Your Daily WTF (Welcome to France) Moment

It had been a while since I'd done laundry, and in that while I'd been hanging out with a lot of smokers. Well, mostly the same smokers, but the same smokers who've been around me many-a-time smoking many-a-death-stick and giving me the black lung. (Cough cough STOP SMOKING TOM! Cough.) Needless to say, my clothes were a bit PePé le Pew.

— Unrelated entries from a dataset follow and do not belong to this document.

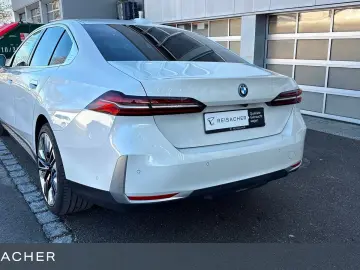BMW 530e A Lim LCPro.HuD adLED 360  Klima-Sitze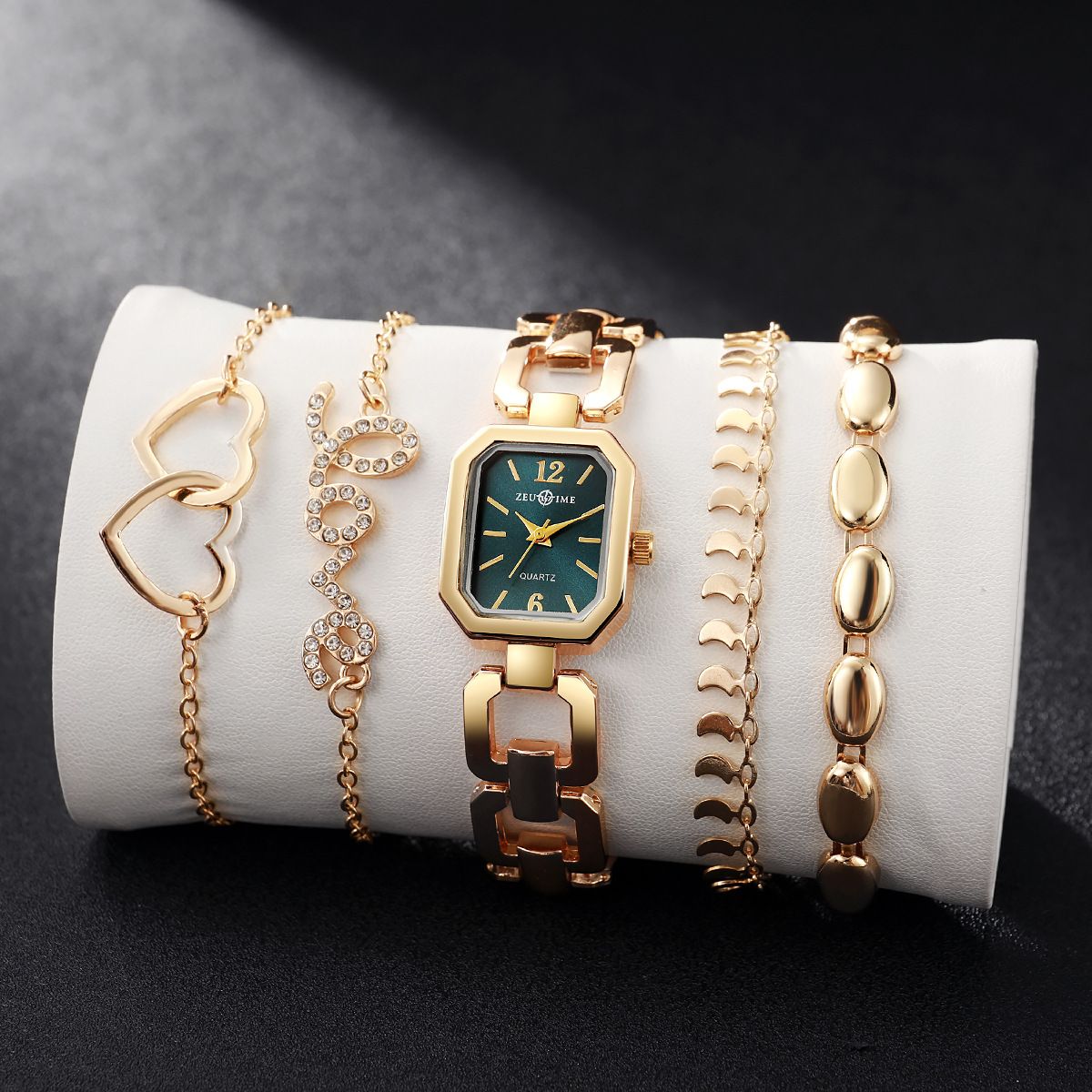 5-piece Set Fashionable New Style Versatile Square Women's Watch INS Style Steel Strap 4-piece Bracelet Metal Strap Heart-shaped Bracelet Gift Set Suitable For Women Girls' Fashion Accessories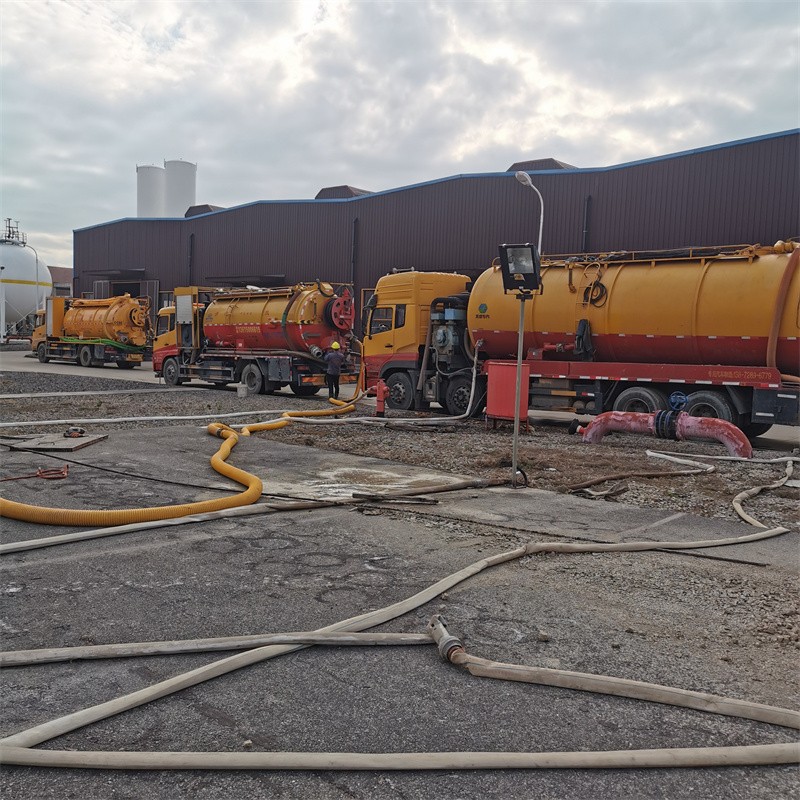 山亭污水池清理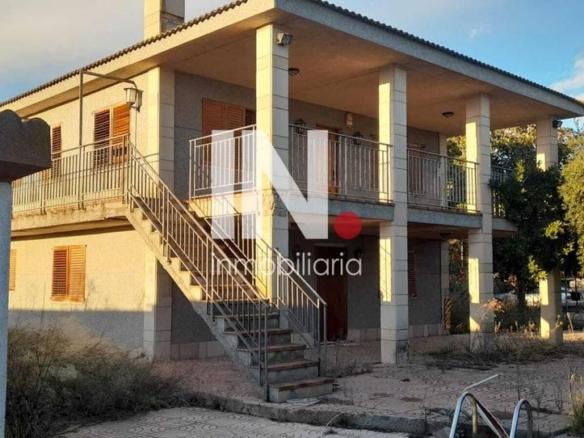 House or villa for sale in La Tossa, Rosselló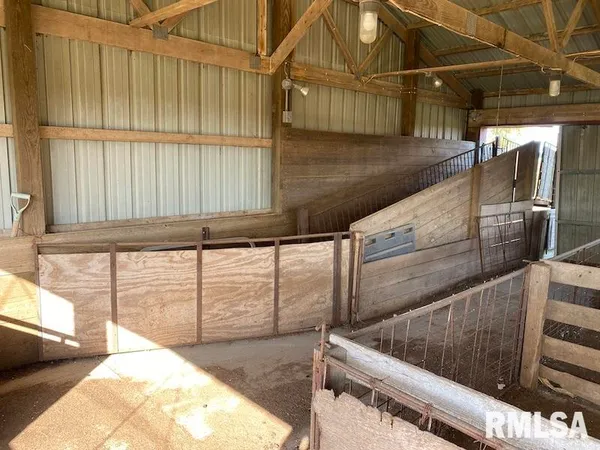 $375,000 | 2255 North County Road, Westfield, IL 62474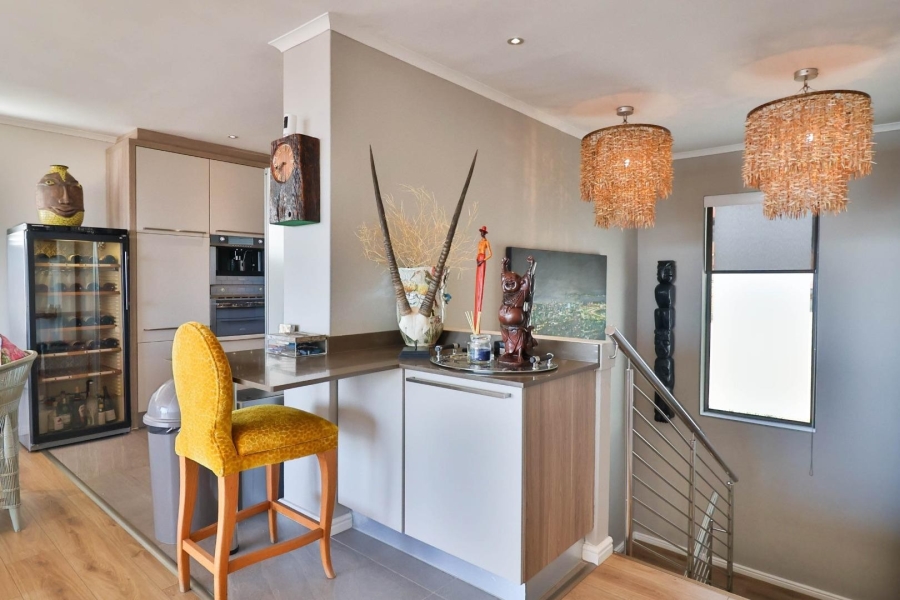 5 Bedroom Property for Sale in De Kelders Western Cape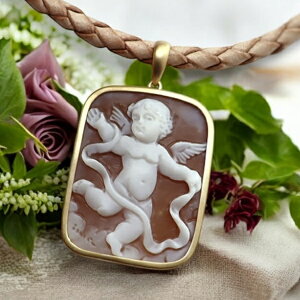 カメオネックレス 18金 ゴールド枠 フレーシア作 ペンダントトップ 天使 エンジェル イタリア カメオ アクセサリー 高級 ギフト お誕生日 プレゼントにもオススメ!!品質保証書/カメオ作家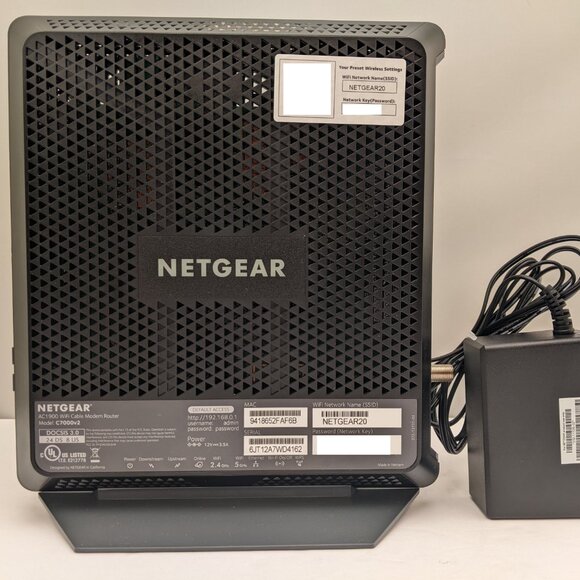 NETGEAR AC1900 Nighthawk DOCSIS 3.0 1.9Gbps Cable Modem + WiFi Router | C7000v2 - Picture 12 of 15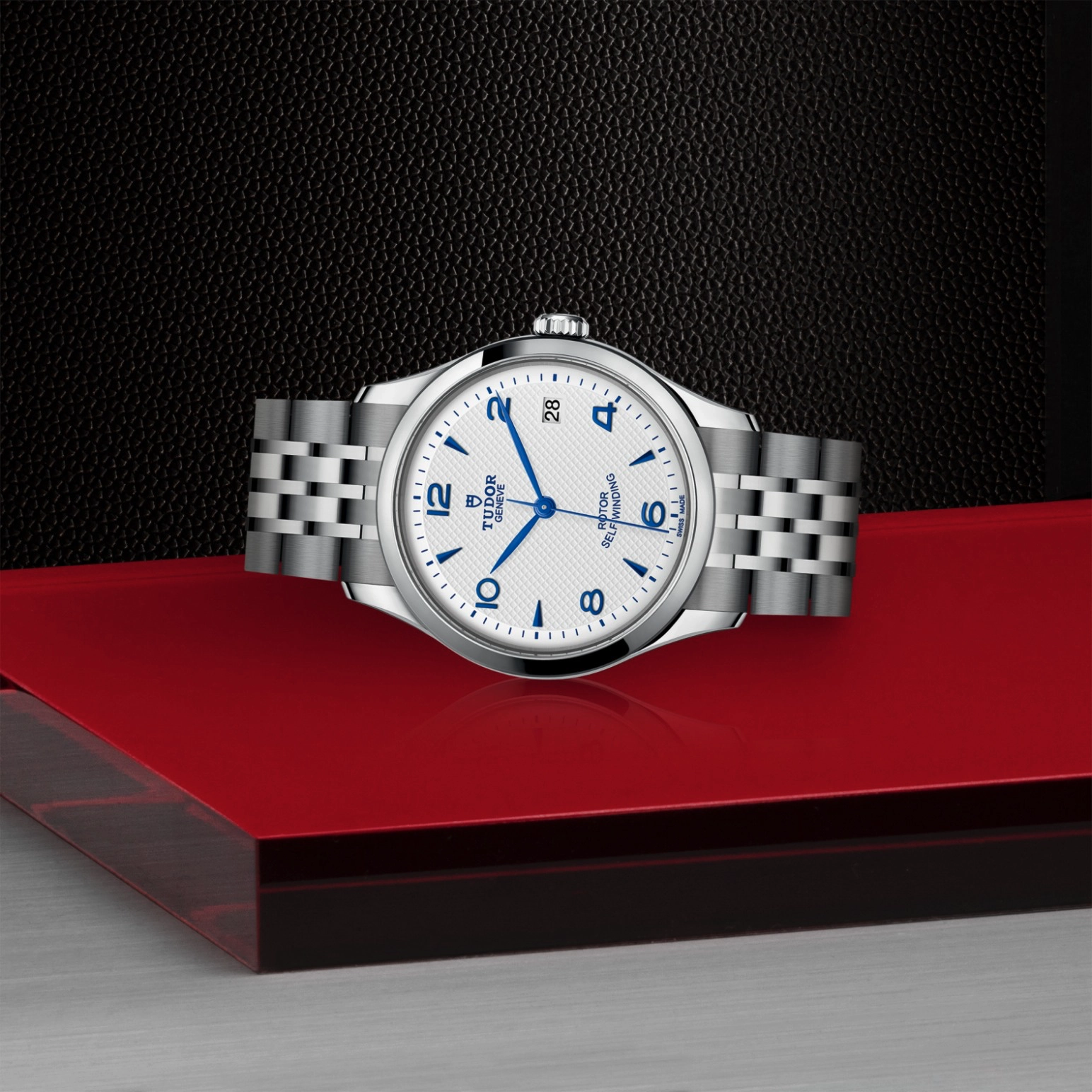 1926 | 91450 | Steel | M91450-0005 | Tudor Official Retailer - Pendulum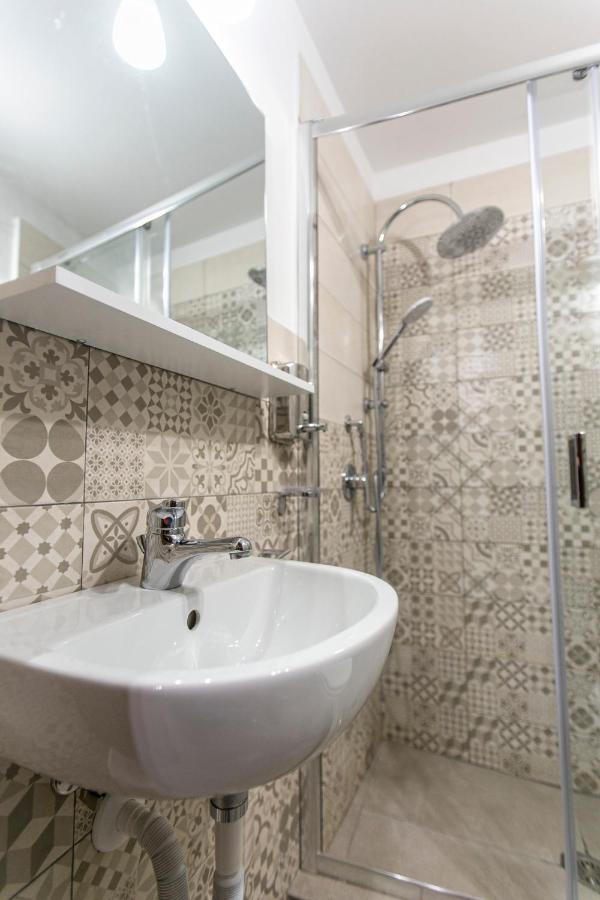 Colonna Bed Bed & Breakfast Naples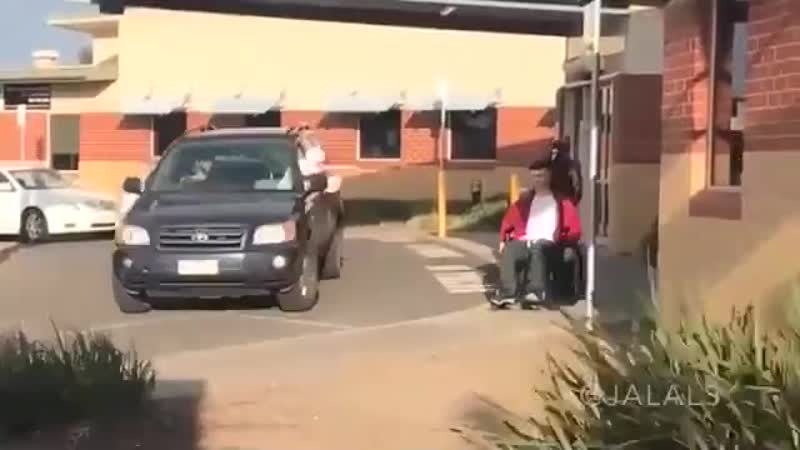 Инвалид почти съеб@лся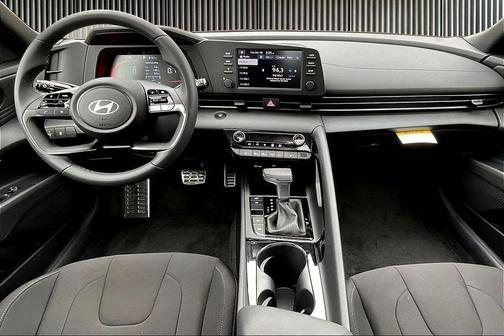 2026 Hyundai ELANTRA SEL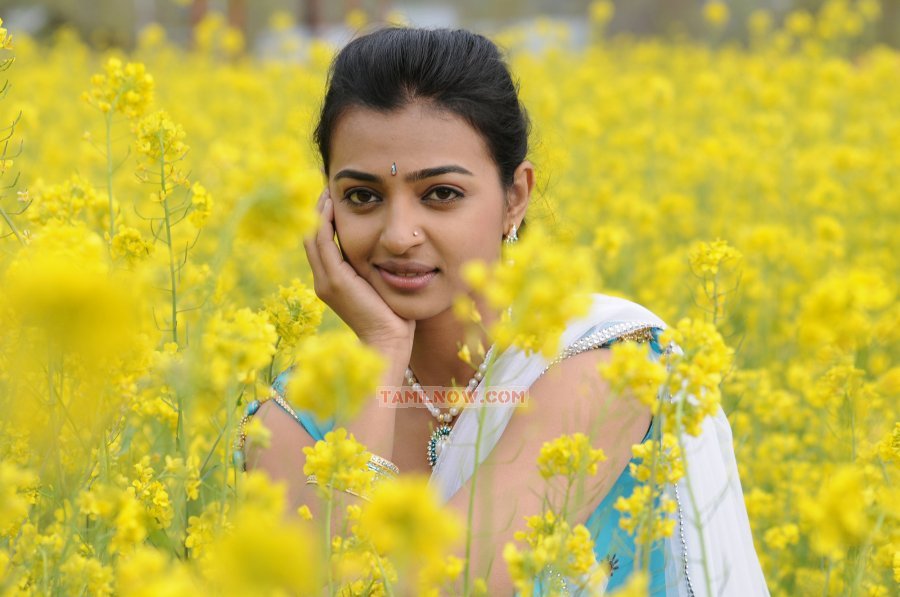 Tamil Actress Radhika Apte 7813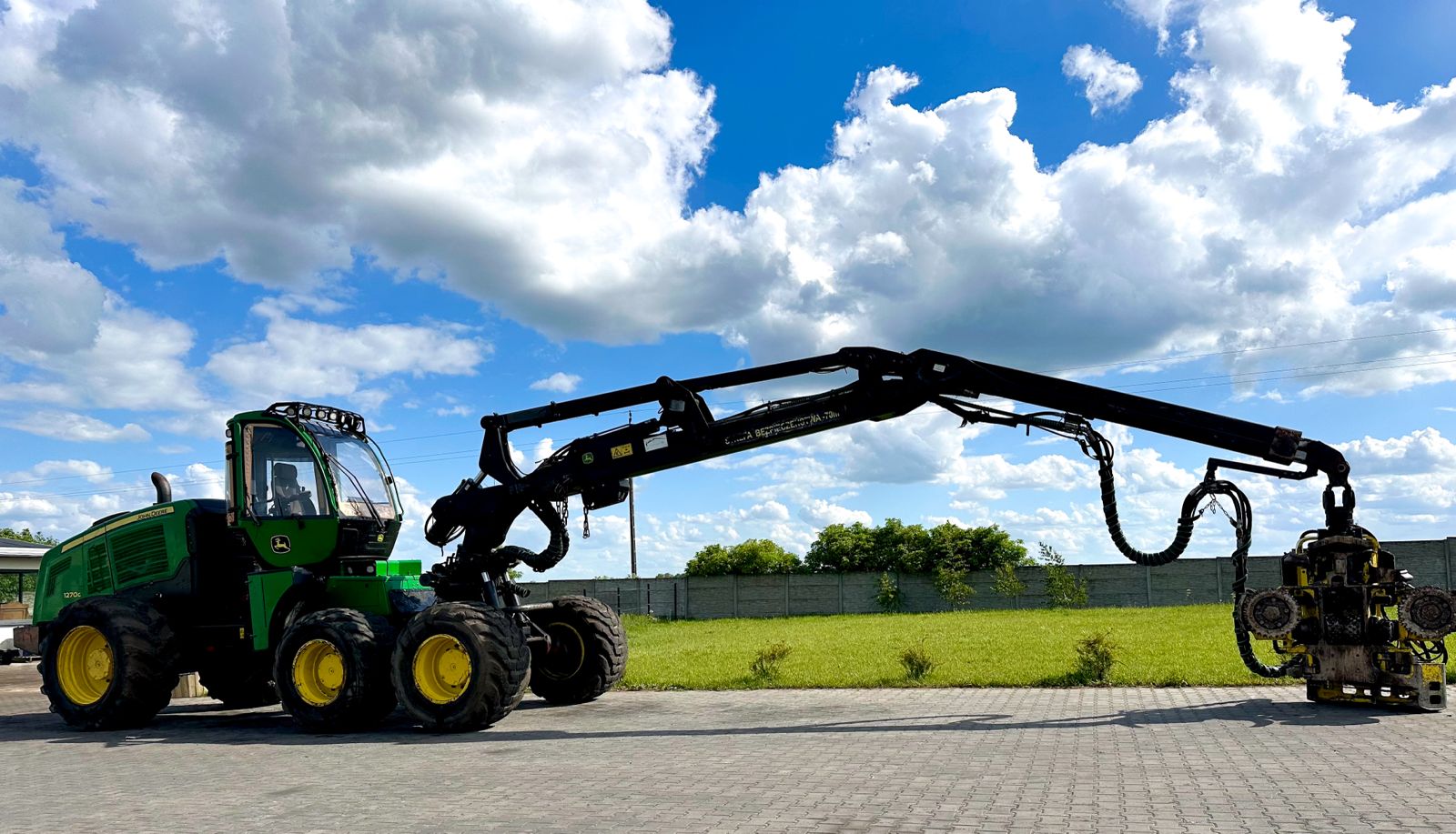 Harvester 1270G marki John Deere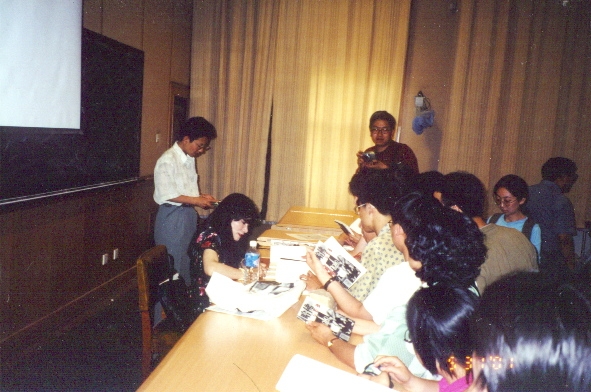 作者在北京大學演講簽書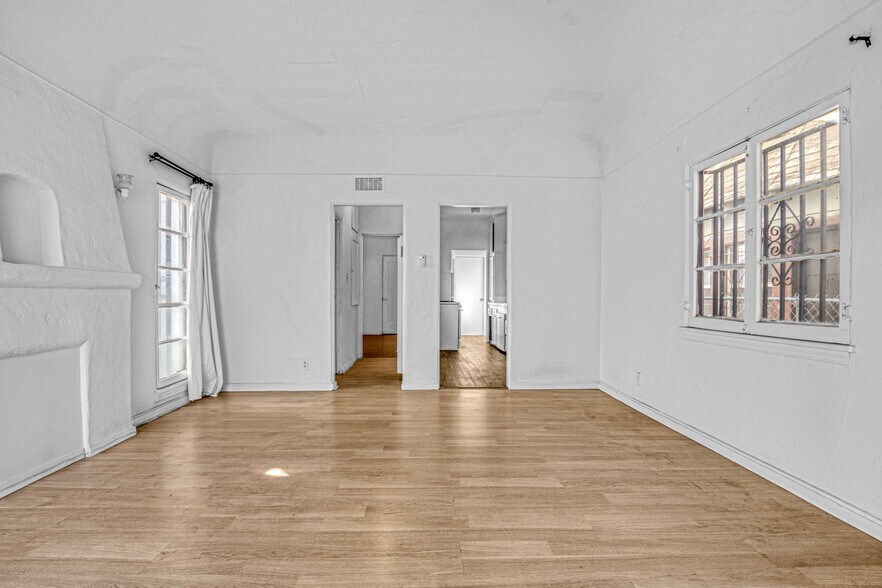 More Photos Of 1716 Magnolia Ave, Los Angeles Multifamily For Sale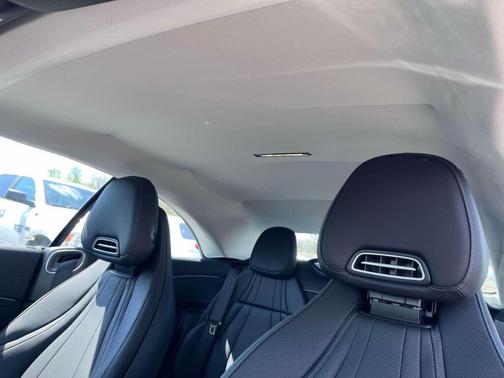 2040/Black 2026 Mercedes-Benz CLE 300 4MATIC Cabriolet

Doing my laundry is kind of an ordeal. First of all, it requires quite a bit of change. The washing machines cost 4E, 6E or 8E depending on machine's capacity, and it's 1E for every 10 minutes in the dryer. Second of all, the laundromat is a good 15-20 minute hike from my cell, which is a long way to go when you're one stumble away from all your unmentionables being scattered to the wind. Third of all, when I get up the gumption to finally go, I often run into this crazy lady who babbles to me in incomprehensible French the whole time and follows me when I move my clothes from the washer to the dryer. The whole place is about the size of my cell, so it's awkward to have someone tailing me in such close quarters. Plus it's cold in there. Really, really cold.

By yesterday my sock situation had grown dire, so I bucked up and trudged down there. I actually spent a pleasant, solitary 25-minute wash cycle listening to a podcast about French collaborators during World War II and perusing a travel guide for Florence while the afternoon sun actually warmed those frigid tile walls a bit. I put the clothes in the dryer and paid for 20 minutes, and then settled back into my chair for some more podcasting and perusing and sun bathing.

But at the end of those 20 minutes my clothes were still damp and cold. Attributing it to the amount of jeans and towels I had in there, I shrugged and paid for another 10 minutes. When they were STILL damp and cold after that extra time, I bit the bullet and called the number posted on the wall. I have a fear of making telephone calls in French because it's approximately 43 times harder to understand and be understood than when you're talking in person.

A woman answered with a gruff, "Oui??" I took a deep breath and explained my problem. "My clothes have been in the machine of the dryness since long time, but they still cold and wet." Did I push the start button, she asked? "Yes I push every correct button and it moving during 30 minutes but there is not the air that is hot. My clothes are not dry. Please, to help me." She sighed and told me she'd get there in 10 minutes.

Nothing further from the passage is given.